Thursday, March 11, 2010

it's too quiet around here

it's a strange feeling to try to settle into believing that this house with only two children at home will be the norm for a while.  a long while.  two feels so empty. 

maybe it feels so empty now because for years our house was the neighborhood gathering place for play, but now most of our children have outgrown that kind of backyard play; i know it's also because brittany was rarely unaccompanied at home before she left for school.  so when brittany left, so did all the people who used to hang here with her.  the contrast of going from all to nothing is the pits...if the truth be known. 

isn't it funny how when we get what we wish for...it isn't always what we want?  sometimes the back to back to back activity kept me in such a spin that i would just wish for a day with nothing going on.  just one please.  i kept wishing for a little quiet time in between all the rush and fun to just breath...or clean up! 

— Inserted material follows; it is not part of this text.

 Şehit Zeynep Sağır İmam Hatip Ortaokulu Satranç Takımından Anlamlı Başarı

now i have all the time in the world (so to speak. not really as much as i thought i would).  anyway, i have quiet time every day when my kids leave for school.  i could have the cleanest house in town now - but who wants to spend all their 'free' time cleaning?  ha! i always thought if the world slowed down my house would be so perfectly clean and orderly and organized. yah...right. 

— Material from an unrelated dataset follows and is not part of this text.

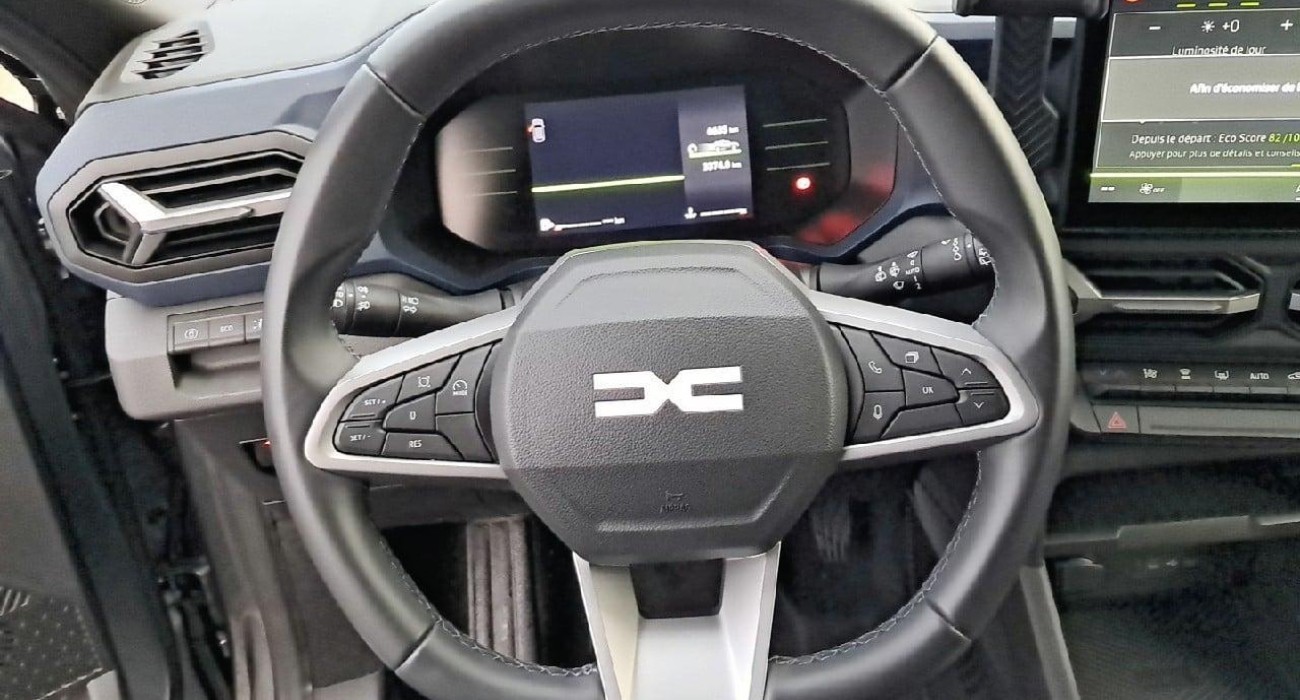 Dacia DUSTER Mild Hybrid 130 Journey 6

years ago a woman gave a talk in church entitled 'this too shall pass'.  i don't know about you, but i can't remember who spoke on what in church last week, let alone over 3 decades ago. but hers has stuck with me all these years. maybe because i'm now living...and watching younger moms, too, live what she taught.

she talked about living with patience thru the things we struggle with, as they will surely pass.  after she went thru all the stages of life with an example of the things that are hard and make us weary that all eventually pass, she went back and reviewed all the good things in life that are also temporary - and pointed out that they, too, pass.  like the creative date nights when you're starving student/newlywed, or the joy of having a baby to snuggle while having to get up exhausted every two hours to feed them, or the joy of all the gathering of children that takes place in your home while you search for a quiet moment to yourself.  when the struggle of that stage passes, so do the parts that bring us joy - often never to return again. 

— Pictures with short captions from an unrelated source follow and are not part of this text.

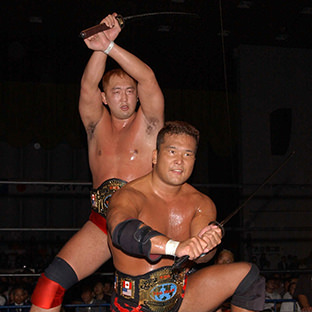 大谷晋二郎(左)、田中将斗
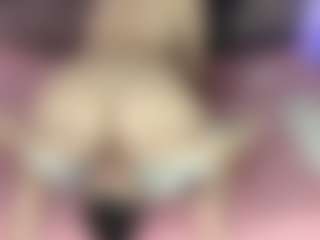 Live cam show with ENGEL-DARK - Brown Eyes on Camsoda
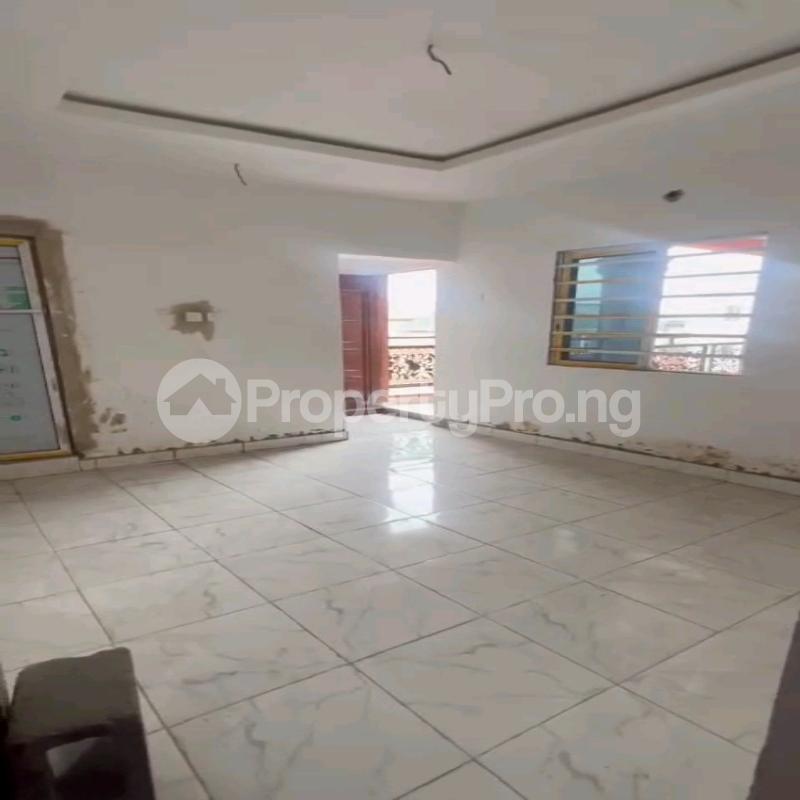 1 bedroom Flat / Apartment for rent Off Market Street Shomolu Shomolu Shomolu Lagos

the six year gap between brittany and rochelle allowed me to see what passed too quickly in the first two girls' early years, and lead me to treasure more fully those same things in my next two children's lives, realizing that these things - while often accompanied by challenges (i mean really, who actually enjoys any aspect of potty training - except the result at the other end of that struggle) are moments & experiences that i may not have realized would pass so quickly. 

so...what has 'passed'? here's a timy sampling of moments that are now just memories. 

rubbing babies' feet while i nurse them; snuggling each child on my lap; being the loud & proud mom at soccer games; giggling little girls; dressup...lots and lots of it; acting out swan princess; the sound of the flute; dune buggy trips; the magic of christmas when everyone believed in santa claus; massive beach umbrella forts - complete with twinky lights (i know i complained about them...a lot...but i really miss them); barbies; daily gourmet lunches with brittany between school & work; tickle fight dog piles; kids on the swings in the back yard trying to kick the purple tree; jumping on the trampoline with the elmo water sprinkler underneath; sisters helping each other look cute; and an infinate number of other things.

makes me want to take stock of the joys of today that i may just be overlooking, and enjoy them more fully. 

in the mean time...what to do with this new 'quiet' stage of life?  haven't really figured that out yet.  probably should just enjoy it...for surely, it too shall pass!

1 comment:

  1. ahhh, it is amazing how time flies. I will try harder everyday to remember, love and charish my little lady, for someday she too will be out in the world!